Inevitably, the marriage, Mataoka’s conversion and baptism, and the birth of Thomas were seen by the Virginia Company as propaganda tools. It decided to use these events to obtain further financial support for the colony. In the spring of 1616, the Rolfes sailed for Plymouth, England in the company of Deputy Governor Thomas Dale, arriving there in June. Several braves of the Powhatan travelled with them. They visited Heacham Hall and toured London. The Virginia Company represented Rebecca as an Indian princess and a symbol of the successful integration of the Native American into European culture. They commissioned her portrait. She was presented to the king and queen.

To what extent her reception was due to the intervention of Captain John Smith we cannot tell. However, on learning of the visit, Smith wrote to Queen Anne (Anne of Denmark, wife of James I) begging her favour to the girl who had been the ‘instrument to preserve this colony from death, famine and utter confusion.’

‘Pocahontas’, Smith went on, ‘was married to an English Gentleman, with whom at this present she is in England; the first Christian ever of that Nation, the first Virginian ever spoke English, or had a child in mariage by an Englishman, a matter surely … of a Prince’s understanding.’

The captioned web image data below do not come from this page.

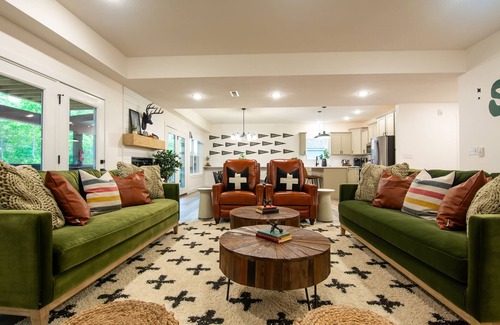 Hollister House | Mini Camp | Hot tub, Pool table, Dog-friendly, Indoor pool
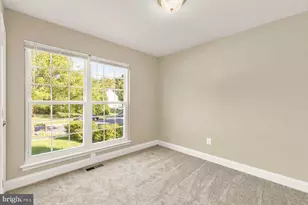 12104 Songbird Ln, Germantown, MD 20876 - Photo 29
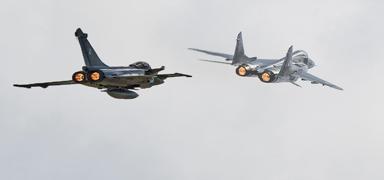 250 adet F-16 ve Rafale al�nacak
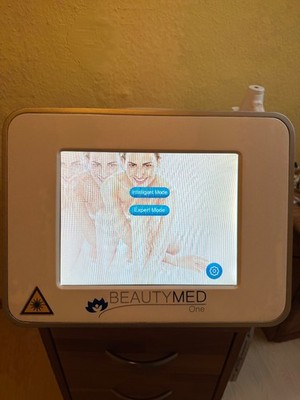 Professionelles Lasergerät Dioden, Alexandrit und Nd:YAG 3 in 1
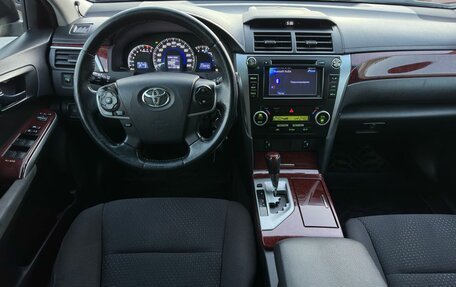 Toyota Camry, 2013 год, 1 390 000 рублей, 14 фотография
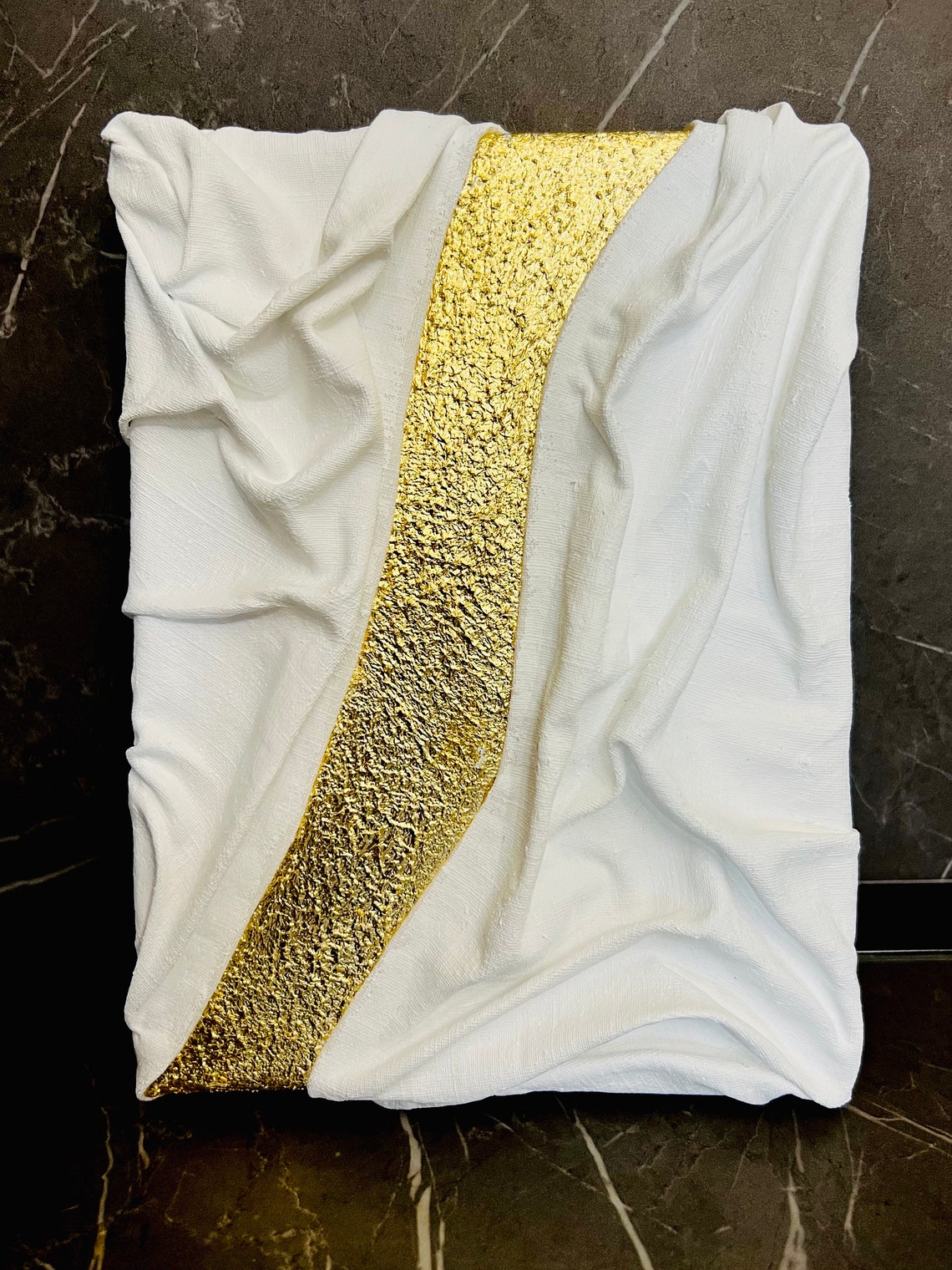 GOLDEN MEMORIES 3D Fabric Textured Art on Canvas, White and Gold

In March 1617, the Rolfes decided to return to America. As they made their preparations for departure, Rebecca felt unwell. They embarked at London but by the time they reached Gravesend she was seriously ill, possibly with pneumonia. She was carried ashore and died in her husband’s arms. ‘Tis enough that the child liveth,’ she is supposed to have said.

Historical records are as we find them, for better or worse; and we can choose what to believe – and enjoy, admire or deprecate – in the various stories of Pocahontas’s life.
There is the modern myth exemplified, perhaps even promulgated, by that controversial film, an animated, musical romance by the Disney Corporation, owing only a small debt to history. Then there are the fictionalised accounts, admitted by their authors to be novels and nothing more. These range from imaginative fairytale to serious reconstruction of a pivotal moment in the history of Britain and America.
There is the extant historical record, seventeenth century documents of English explorers and colonists in North America, telling a tale of hardship, courage and evangelising. Then there is Native American tradition, which sings a very different song of fierce pride, independence and foreign greed and corruption. Oral tales of the Mattaponi tribes of Virginia challenge many of the events described in western sources. They contend, for example, that Thomas Rolfe was born out of wedlock as a result of the rape of Mataoka (possibly by Thomas Dale) while she was a prisoner.

Pocahontas
Pocahontas

Or, we may look instead upon nigh four hundred years of discussion and argument among travellers and historians, and conclude that, instead of world-shaping drama, Rebecca’s Tale is a mere anecdote of no relevance in the grand scheme of world affairs.

But somewhere in the midst of all lies a true tale of human endeavour and weakness, one that marks the very beginnings of the recorded history of the land that was to become the United States of America.